NEW YORK—Digital ad formats have matured to the point that they now represent 51% of all global ad sales, according to Magna’s Global Advertising Forecasts. This milestone will be passed in 2019, as the rate of traditional linear advertising sales (broadcast TV and radio, newspaper and magazine ad pages, out of home) declines by 3% to $290 billion worldwide.
The fastest growing regions are Asia Pacific and Latin America, and the bulk of digital advertising growth will come from ad impressions and links on mobile devices, mostly smartphones, Magna said.
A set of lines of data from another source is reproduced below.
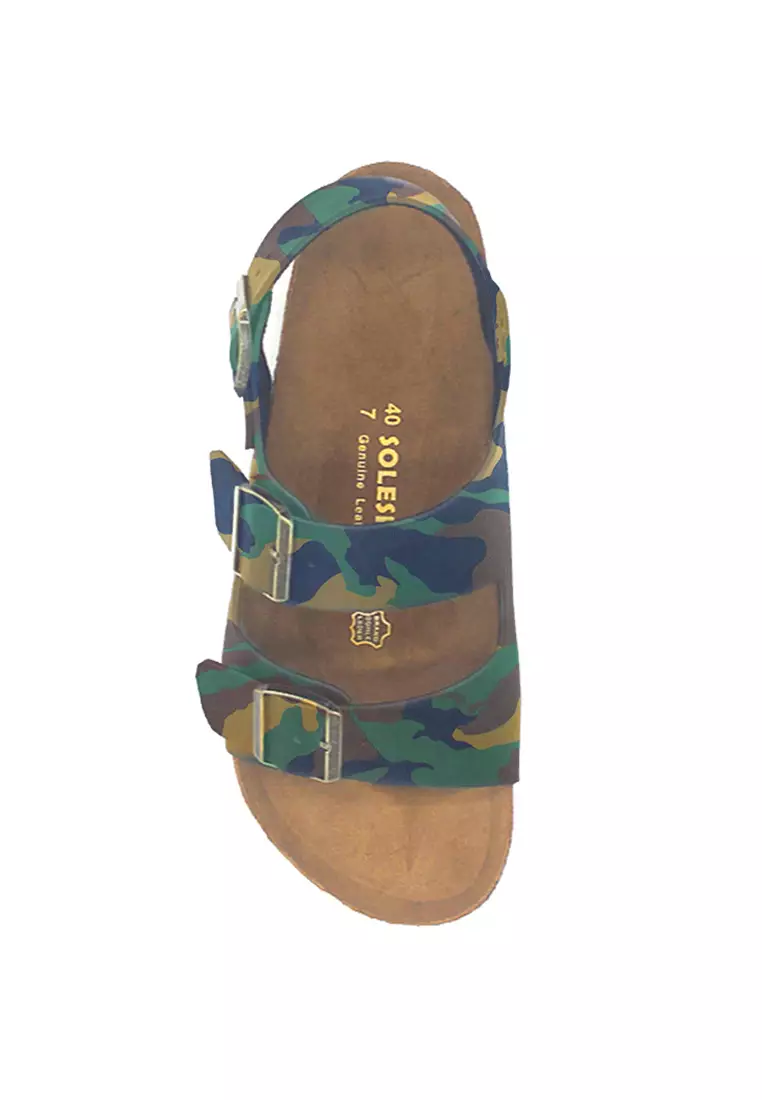 SoleSimple Milan - Camouflage Leather Sandals & Flip Flops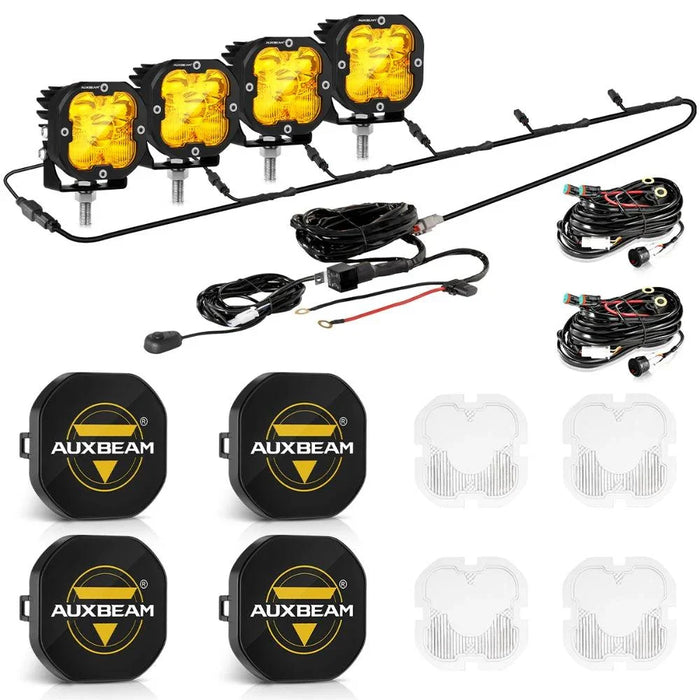 4Pcs Pod Lights+Additional 6-Pod Power Harness / With Black Covers
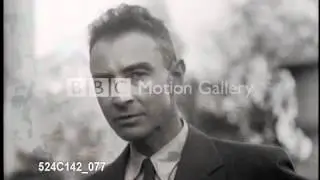 Scientist J. Robert Oppenheimer speaks about atomic bombs at the Capitol Building in Washington, DC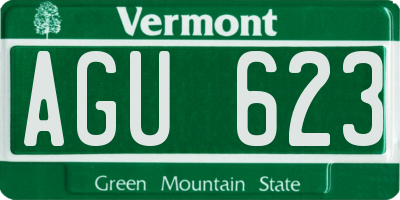 VT license plate AGU623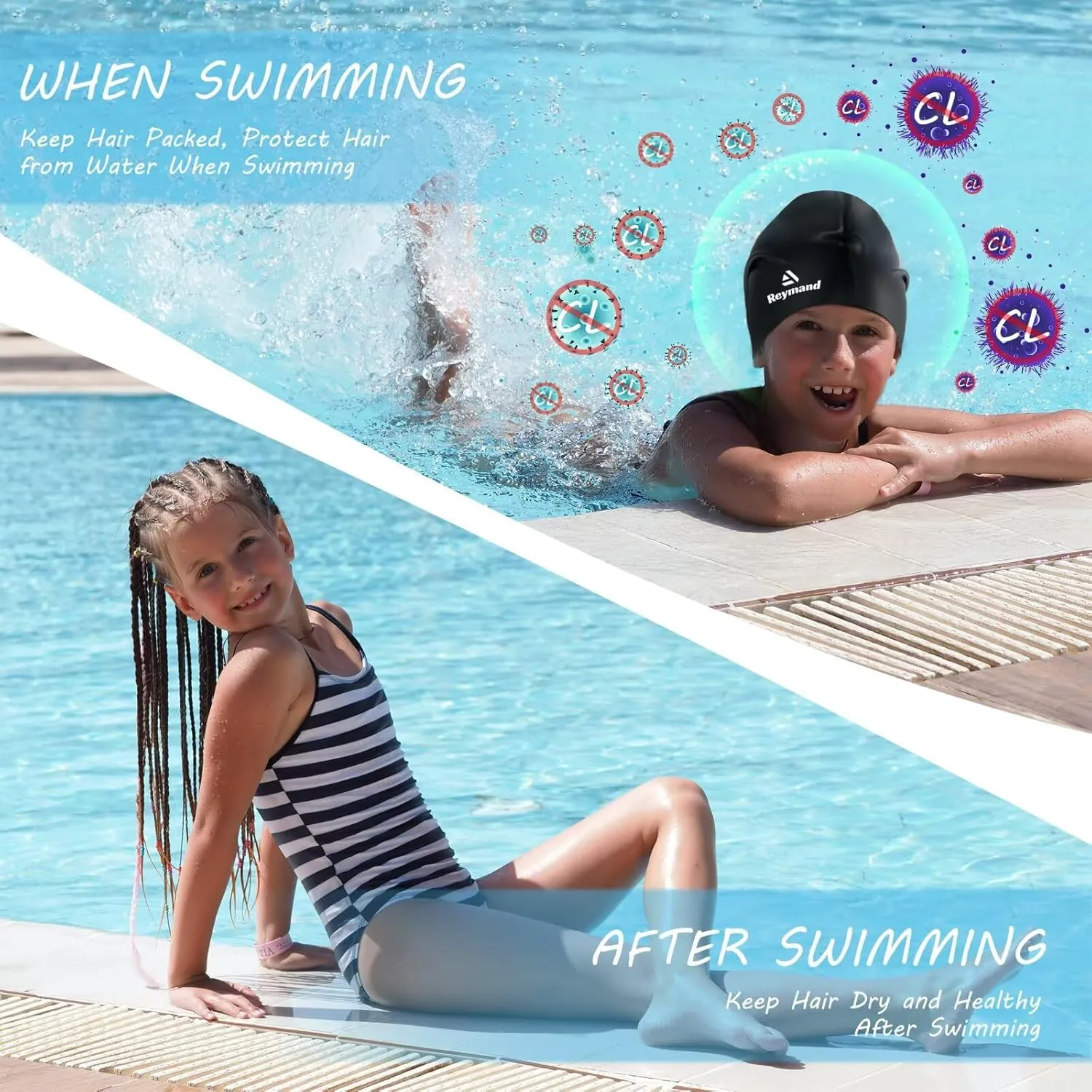 2 Pack Kids Extra Large Swim Cap for Long Thick Hair, Waterproof Silicone Swimming Cap for Toddler Child Youth Girls Boys, Durable Swim Hats Bathing Caps for Braids, Dreadlocks, Extensions, Afros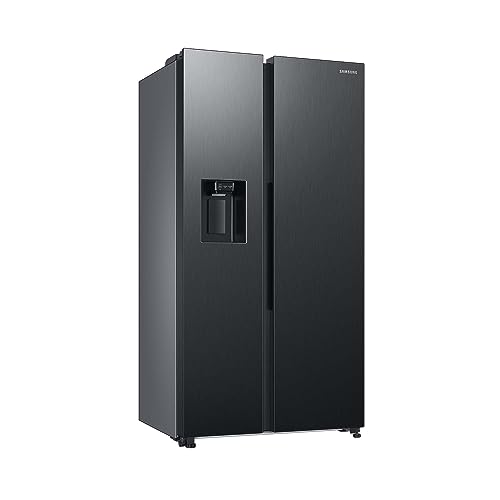 Samsung Side-by-Side-Kühlschrank mit Gefrierfach, 178 cm, 634 l Gesamtvolumen, 225 l Gefrierteil, AI Energy Mode, Wasser- und Eisspender, Frischwasseranschluss, Premium Black Steel, RS6GCG885DB1EG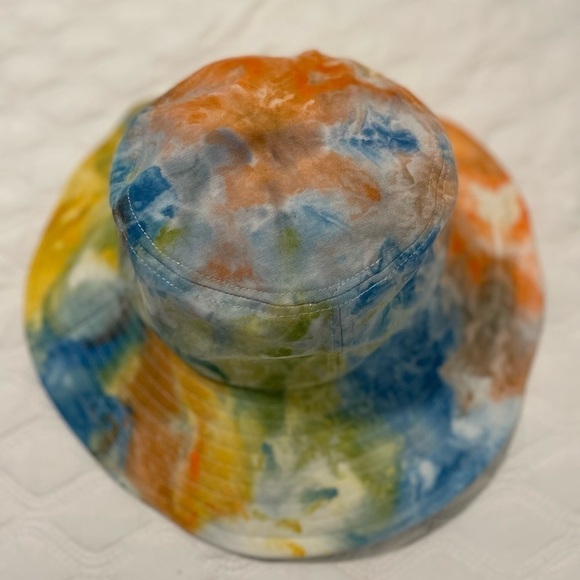 New INC International Concepts Women's Cotton Bucket Hat hand crafted tie dye - Picture 3 of 6
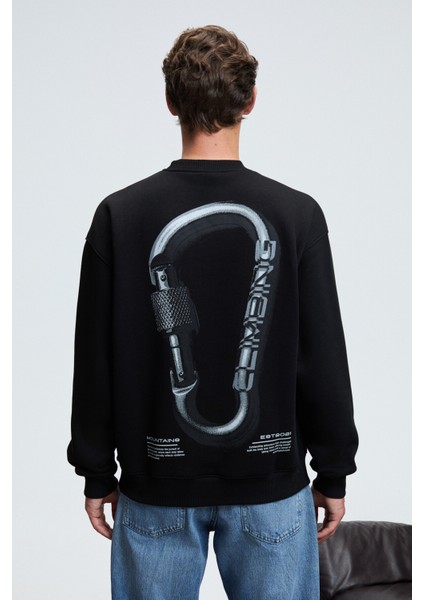 ALDEN Erkek Yuvarlak Yaka Göğsü Ve Sırtı Baskılı Relaxed Fit Siyah Sweatshirt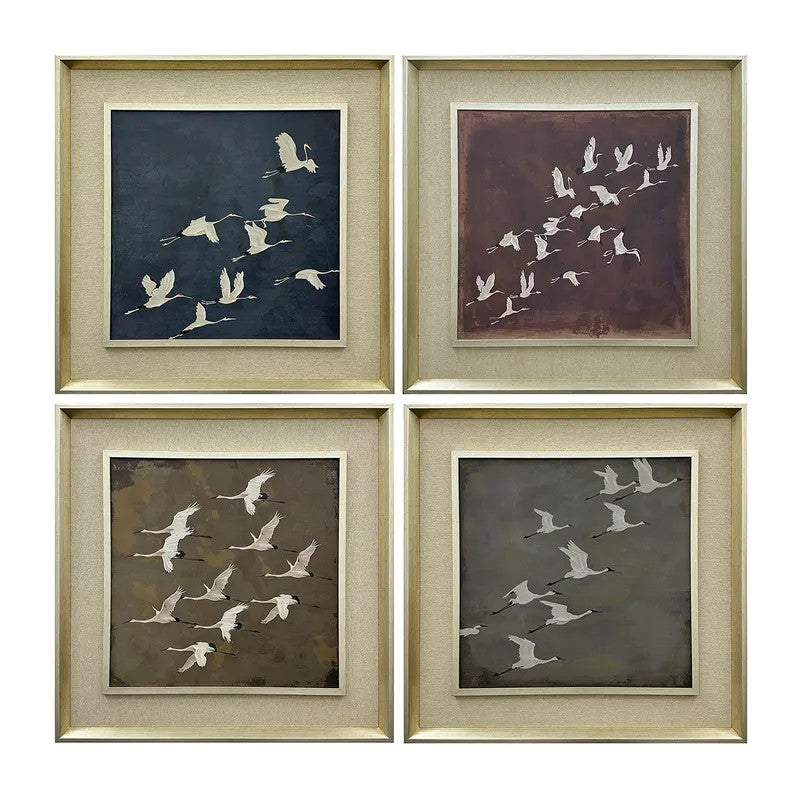 Four framed bird art pieces in different color schemes.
The growth of digital advertising is “slowing” to an annual 14% increase in 2019, reaching $304 billion globally due to the near saturation of digital media penetration, Magna added.
The slowdown in growth for 2019 also is due to the “odd-numbered-year” trend in media events (i.e. no U.S. elections or Olympics), according to Magna.
“Global ad spend continues to grow as the economy remains strong in key markets, but two factors are slowing down the growth rates in 2019: one is cyclical (the lack of major events in 2019, following a record year in 2018), while the other is structural: digital ad formats maturing (from 19% in 2018 to 14% this year) as they now account for more than half to total advertising sales. However, product innovation (smart homes, cloud services, OTT, 5G) and marketing innovation (direct-to-consumer brands) will continue to drive ad spend growth this year and next.
Traditional TV’s take will decrease this year by 2% to $175 billion worldwide, but the return of even year events in 2020 will help re-accelerate advertising growth in the U.S. by 5.8% to $233 billion, Magna said. In the U.S., national television’s linear advertising sales will decrease by 3% to $41 billion in 2019.
Television linear advertising is being helped along by the emergence of more “direct to consumer” brands (like Uber and AirBNB), which Magna predicts will grow 40% “from a relatively low base.”
“These brands are particularly attractive to television vendors as they come to the TV market with little leverage and are willing to much higher rates than CPG brands that have been on TV for 50 years and have the scale to negotiate sub-market cost inflation,” Magna said.
In the U.S., media owners’ net advertising sales (NAR) grew by 3% this year to reach $220 billion, an increase of $6 billion and a new all-time high, according to Magna.